So, why is the condition $n < 22$ so incredibly important, and how does it directly lead us to the correct answer among the given options? The solving inequalities process we went through wasn't just about following steps; it was about understanding the relationship between the variable 'n' and the constants in the inequality. When we simplified $4(n-8)<2(n+6)$ down to $n < 22$, we essentially translated a complex algebraic statement into a simple, clear rule. This rule acts as a filter. Think of it like a bouncer at a club – only numbers that meet the criteria (being less than 22) are allowed in, meaning they are the valid solutions. Any number that is 22 or greater simply won't satisfy the original condition. This is the beauty of mathematical logic; it provides definitive answers and clear conditions. Let's revisit why the other options failed. For $n=44$ and $n=32$, these values are significantly larger than 22. Plugging them into the original inequality would result in a false statement (e.g., a larger number being less than a smaller number). For example, if we plugged $n=32$ into the original inequality: $4(32-8) = 4(24) = 96$. And $2(32+6) = 2(38) = 76$. The inequality would become $96 < 76$, which is clearly false. This demonstrates how numbers greater than 22 break the inequality. Now, consider $n=22$. Our simplified inequality is $n < 22$. Since 22 is equal to 22, not less than 22, it doesn't fit the rule.
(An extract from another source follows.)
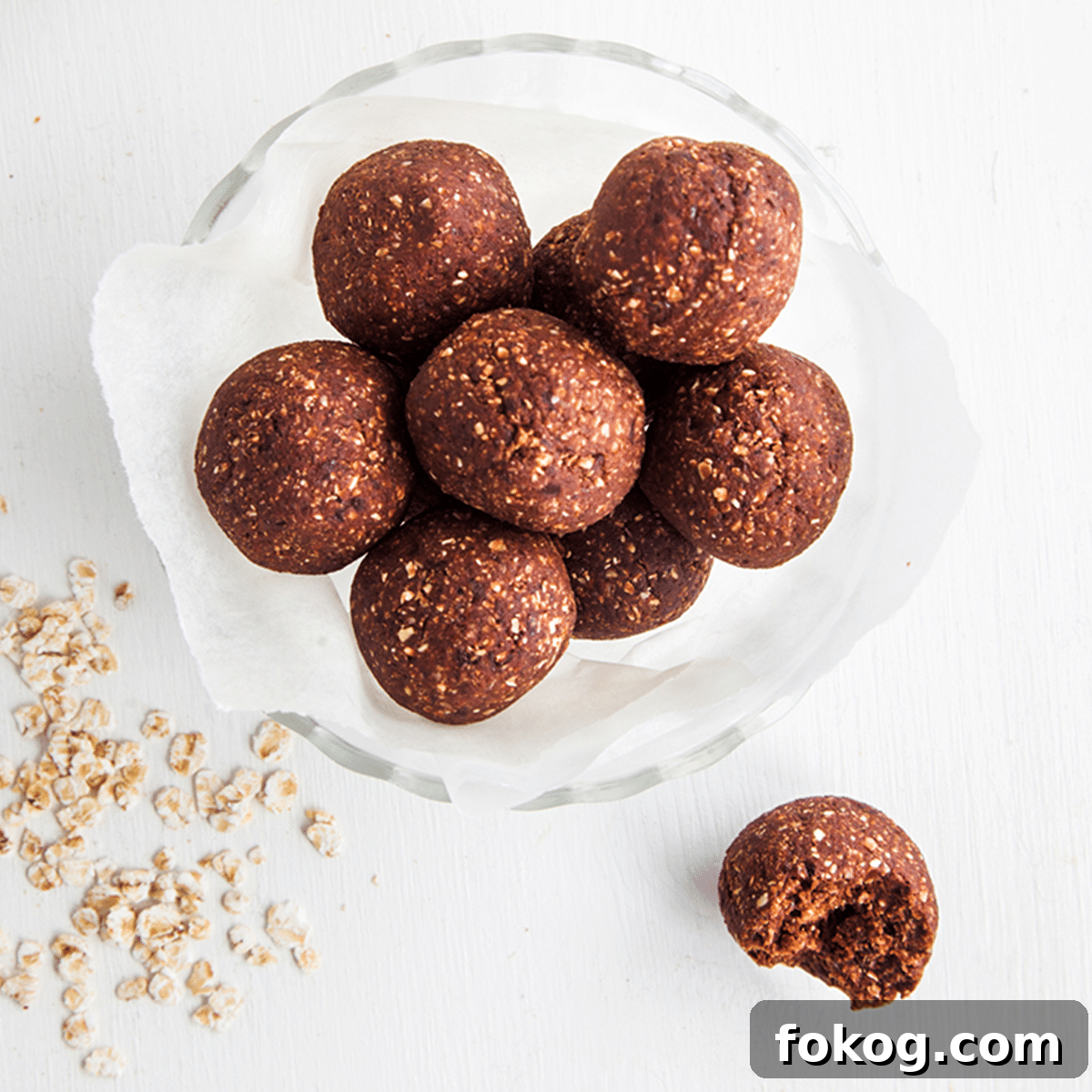 Raw Chocolate Brownie Bites (No Nuts!)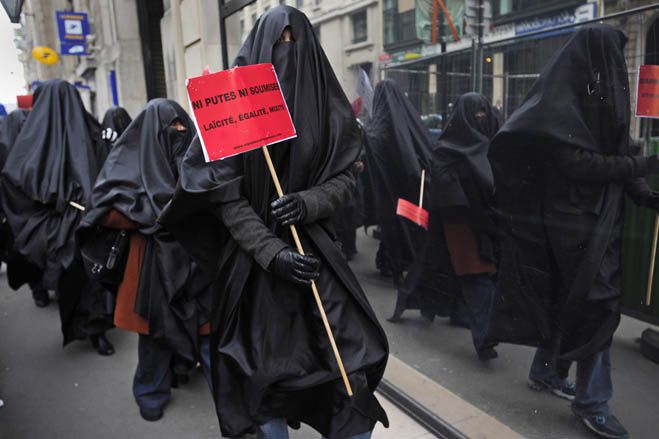 Запрет на ношение паранджи во Франции (12 фото)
If we plug $n=22$ into the original inequality: $4(22-8) = 4(14) = 56$. And $2(22+6) = 2(28) = 56$. The inequality becomes $56 < 56$, which is false because 56 is not less than 56; it is equal. This highlights the critical difference between '<' (less than) and '<=' (less than or equal to). Finally, we have $n=20$. This value fits our rule perfectly because $20 < 22$. As we verified earlier, plugging $n=20$ into the original inequality resulted in $48 < 52$, which is true. This confirms that $n=20$ is the integer from the given options that satisfies the inequality. The simplified form $n < 22$ acts as the ultimate test. It encapsulates all the necessary algebraic manipulations and presents the solution set in its most concise form. Understanding this transformation is key to mastering inequalities. It's not just about finding an answer, but about understanding the range of possible answers and why certain values work while others don't. This foundational understanding will serve you well in all your future math endeavors, guys!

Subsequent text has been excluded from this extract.